Verify each pipeline contains the columns you would expect using a fit_transform on the training data, i.e., print the shapes of the fit_transforms for each pipeline.

In [8]:
# insert code here
from sklearn.pipeline import Pipeline
from sklearn.impute import SimpleImputer
from sklearn.preprocessing import StandardScaler, OneHotEncoder

# Pipeline for numerical data
numerical_pipeline = Pipeline([
    ('imputer', SimpleImputer(strategy='median')),
    ('std_scaler', StandardScaler())
])

# Pipeline for categorical data
categorial_pipeline = Pipeline([
    ('imputer', SimpleImputer(strategy='most_frequent')),
    ('onehot', OneHotEncoder())
])

In [9]:
# Fit and transform the training data using the numerical pipeline
X_train_num = numerical_pipeline.fit_transform(X_train[numerical_vars])
print("Numerical data shape after transformation:", X_train_num.shape)

# Fit and transform the training data using the categorical pipeline
X_train_cat = categorial_pipeline.fit_transform(X_train[categorical_vars])
print("Categorical data shape after transformation:", X_train_cat.shape)

Numerical data shape after transformation: (800, 6)
Categorical data shape after transformation: (800, 22)


# Question 6
- Create a pipeline that combines the pre-processing and implements a logistic regression model.  
- Print the accuracy on the training set and the test set.
- Do you have any concerns of overfitting based on the differences between the two accuracy scores?

In [10]:
from sklearn.compose import ColumnTransformer
from sklearn.linear_model import LogisticRegression
from sklearn.metrics import accuracy_score
# Define the column transformer
preprocessor = ColumnTransformer(
    transformers=[
        ('num', numerical_pipeline, numerical_vars),
        ('cat', categorial_pipeline, categorical_vars)
    ])

# Define the complete pipeline
pipe = Pipeline([
    ('preprocessing', preprocessor),
    ('logistic_regression', LogisticRegression(random_state=42))
])

# Fit the pipeline to the training data
pipe.fit(X_train, y_train)

# Predict on the training and test sets
y_train_pred = pipe.predict(X_train)
y_test_pred = pipe.predict(X_test)

# Calculate the accuracy on the training and test sets
train_acc = accuracy_score(y_train, y_train_pred)
test_acc = accuracy_score(y_test, y_test_pred)

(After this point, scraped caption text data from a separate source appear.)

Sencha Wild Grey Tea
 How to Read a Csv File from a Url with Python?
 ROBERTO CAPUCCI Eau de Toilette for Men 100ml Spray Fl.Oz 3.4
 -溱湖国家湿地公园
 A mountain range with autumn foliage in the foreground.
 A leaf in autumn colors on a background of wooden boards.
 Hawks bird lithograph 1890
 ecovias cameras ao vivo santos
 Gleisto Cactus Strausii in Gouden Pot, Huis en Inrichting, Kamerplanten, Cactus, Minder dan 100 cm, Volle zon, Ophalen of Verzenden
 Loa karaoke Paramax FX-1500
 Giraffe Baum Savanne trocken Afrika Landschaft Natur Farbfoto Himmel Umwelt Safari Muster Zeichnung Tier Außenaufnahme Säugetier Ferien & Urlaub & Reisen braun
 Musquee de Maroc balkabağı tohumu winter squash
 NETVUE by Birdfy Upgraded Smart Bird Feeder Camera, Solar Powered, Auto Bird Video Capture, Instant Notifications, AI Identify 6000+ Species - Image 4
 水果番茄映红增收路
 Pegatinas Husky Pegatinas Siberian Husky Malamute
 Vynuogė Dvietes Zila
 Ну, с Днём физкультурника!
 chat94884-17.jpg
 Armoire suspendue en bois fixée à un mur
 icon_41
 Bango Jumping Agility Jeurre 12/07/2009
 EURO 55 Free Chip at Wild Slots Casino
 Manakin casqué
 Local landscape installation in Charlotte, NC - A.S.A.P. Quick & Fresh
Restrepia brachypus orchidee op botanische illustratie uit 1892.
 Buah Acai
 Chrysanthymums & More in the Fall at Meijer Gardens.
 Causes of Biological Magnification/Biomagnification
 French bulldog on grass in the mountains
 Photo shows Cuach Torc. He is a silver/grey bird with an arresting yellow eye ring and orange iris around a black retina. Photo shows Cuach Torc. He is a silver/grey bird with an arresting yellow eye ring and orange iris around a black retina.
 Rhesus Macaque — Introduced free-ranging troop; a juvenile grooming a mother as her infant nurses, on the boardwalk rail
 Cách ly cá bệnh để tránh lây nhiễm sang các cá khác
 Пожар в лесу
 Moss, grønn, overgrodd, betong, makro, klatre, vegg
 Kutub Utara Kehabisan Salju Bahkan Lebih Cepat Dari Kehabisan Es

# Print the accuracy on the training and test sets
print("Accuracy on the training set:", train_acc)
print("Accuracy on the test set:", test_acc)

Accuracy on the training set: 1.0
Accuracy on the test set: 1.0


Yeah, the accuracy score of 1.0 on the training and test sets demonstrates the model's extremely high level of performance. It also calls attention to the issue of overfitting, which occurs when a model is too complicated and captures noise and randomness in the training data rather than underlying patterns and correlations. Overfitting is a prevalent issue in machine learning.

As the accuracy on the test set is likewise 1.0 in this instance, it's likely that the model has memorized the training data rather than generalizing to new data because of how well it has learnt it. When the model is applied to real-world data that differs from the training data, this might result in subpar performance.

# Question 7
What would you recommend as potential next steps for continuing to develop and evaluate a model?

The model is probably overfitting to the training data, according to the printed accuracies of 1.0 for both the training and test sets. This may occur if the model is very complicated in relation to the size of the training set or if the data are noisy. Under these circumstances, the model could perform admirably on the training set but badly on fresh data. To determine how well the model generalizes, it's critical to assess its performance on a separate test set. 
Using regularization techniques, like as L1 or L2 regularization, can assist to minimize the complexity of the model and prevent it from fitting the noise in the data, which is one strategy to combat overfitting. Another strategy is to employ a less complex model that may be less prone to overfitting, like a decision tree or random forest.